■ **REQUIRED WORK**
The lines to transcribe begin with the one containing "Operation Blessing’s Life-Changing" and end with the last line below; reproduce them exactly, without the pictures.

■ **WORKING DATA**

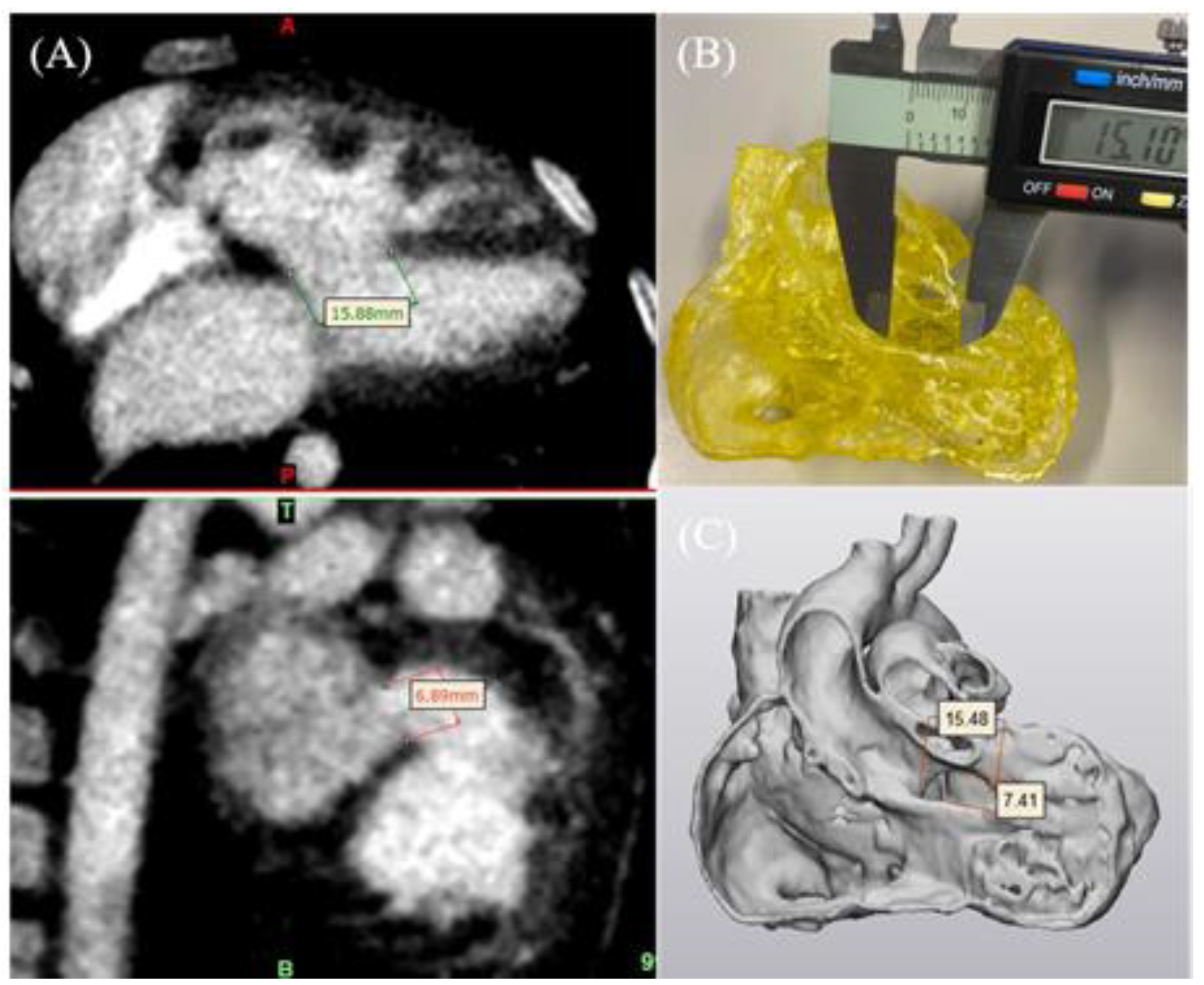 Micromachines 14 00464 g004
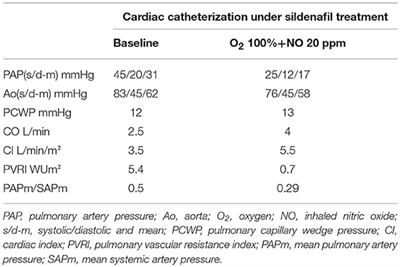 Vasoreactive Pulmonary Arterial Hypertension Manifesting With Misleading Epileptic Seizure: Diagnostic and Treatment Pitfalls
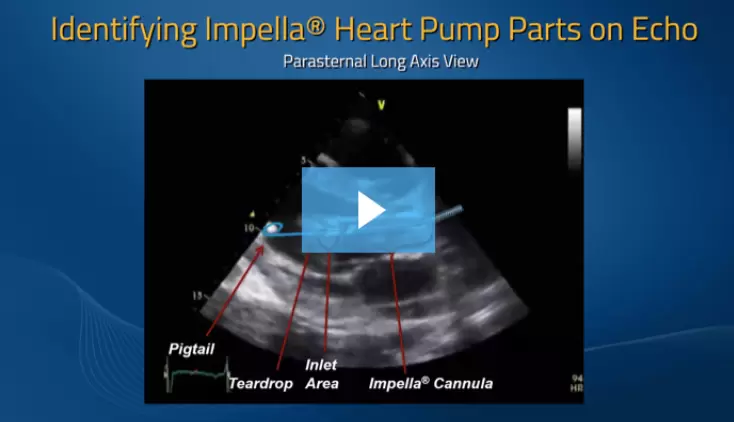 Assessing Impella® Heart Pump Position with Echocardiography
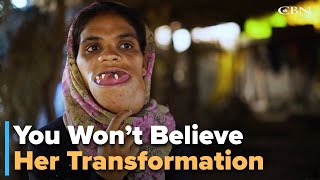 Operation Blessing’s Life-Changing Surgery: Durga’s Incredible Transformation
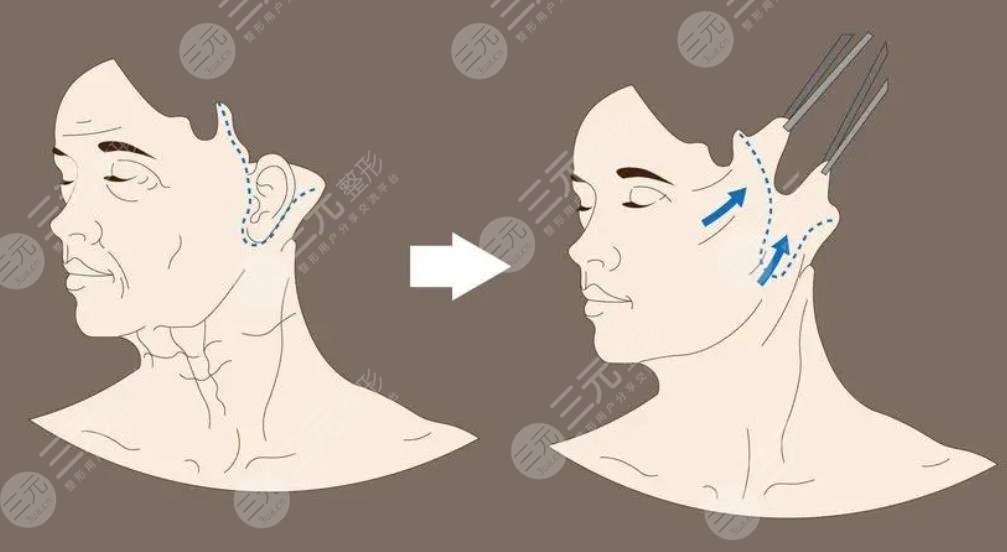 雙矢量組織復位術(shù)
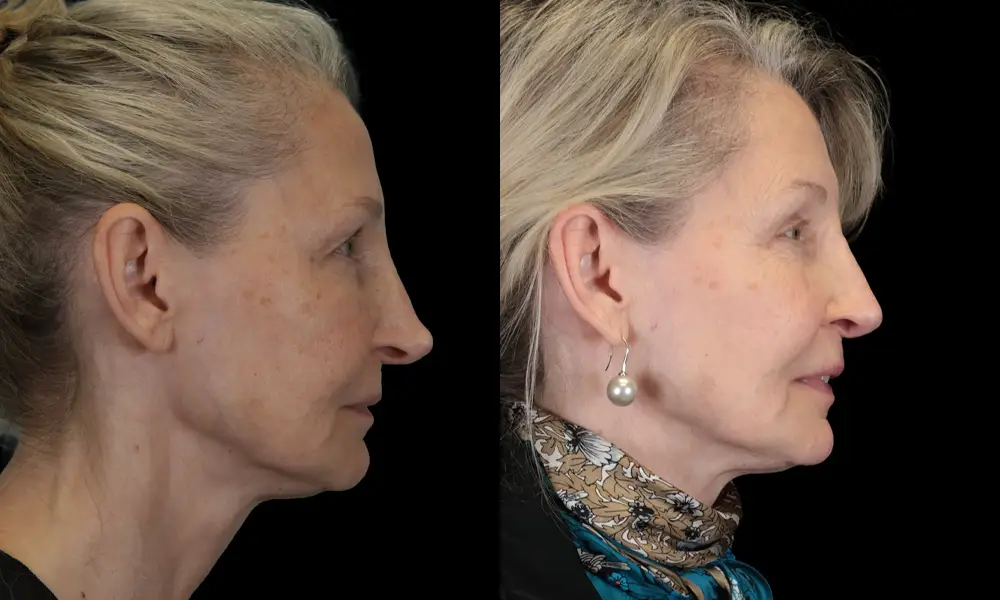 Real patient results in New York, NY Performed by Sameer Halani, MD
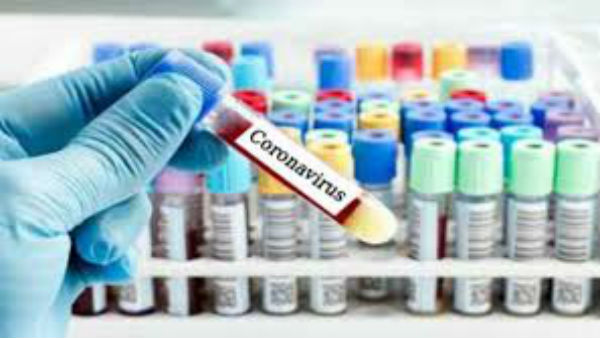  ಪರೀಕ್ಷೆಗೆ ಪುಣೆಗೆ ಹೋಗಿರುವ ಮಾದರಿ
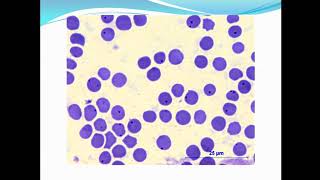 Rickettsial diseasesAnaplasmosis and Q fever ppt [upl. by Hausner]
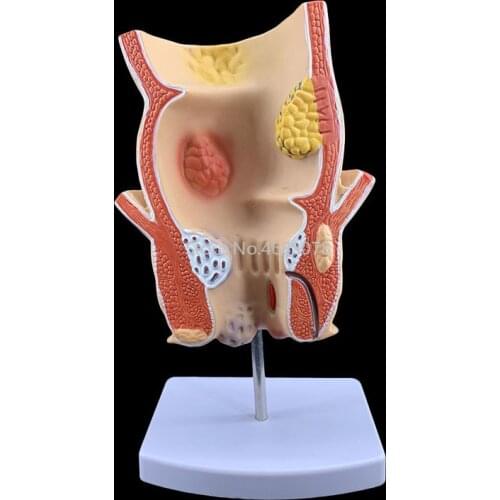 Brand New Anatomical Human Rectum Pathology Lesion Model Hemorrhoids Anus Medical Teaching Supplies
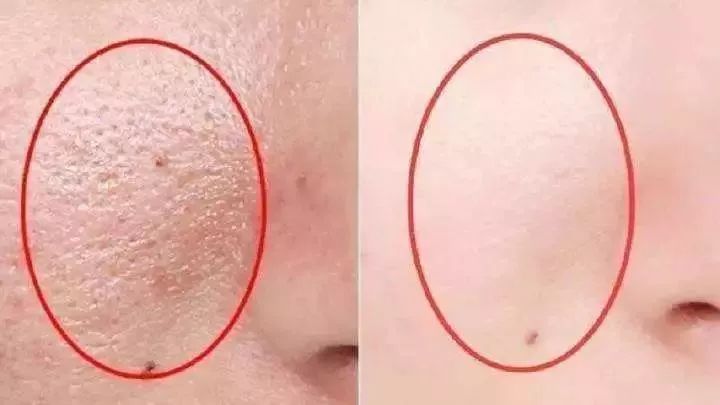 脸上螨虫多出油厉害怎么办,脸上有螨虫痘还痒该怎么办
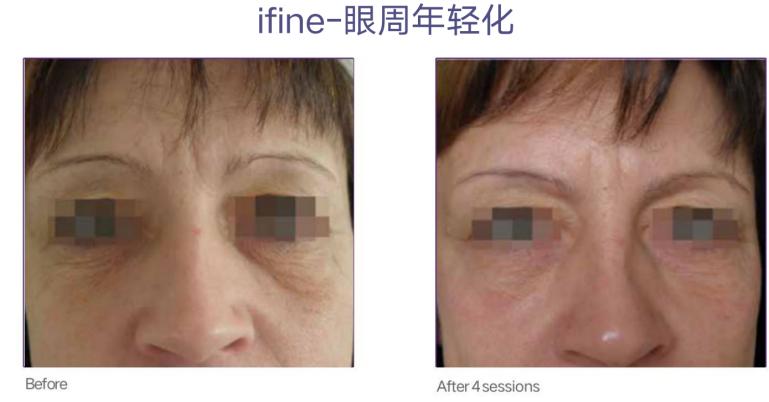 美迪迈相控微针是什么,美迪迈相控微针多久能化妆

■ **SOLUTION TO THE PROBLEM**
 Operation Blessing’s Life-Changing Surgery: Durga’s Incredible Transformation
 雙矢量組織復位術(shù)
 Real patient results in New York, NY Performed by Sameer Halani, MD
  ಪರೀಕ್ಷೆಗೆ ಪುಣೆಗೆ ಹೋಗಿರುವ ಮಾದರಿ
 Rickettsial diseasesAnaplasmosis and Q fever ppt [upl. by Hausner]
 Brand New Anatomical Human Rectum Pathology Lesion Model Hemorrhoids Anus Medical Teaching Supplies
 脸上螨虫多出油厉害怎么办,脸上有螨虫痘还痒该怎么办
 美迪迈相控微针是什么,美迪迈相控微针多久能化妆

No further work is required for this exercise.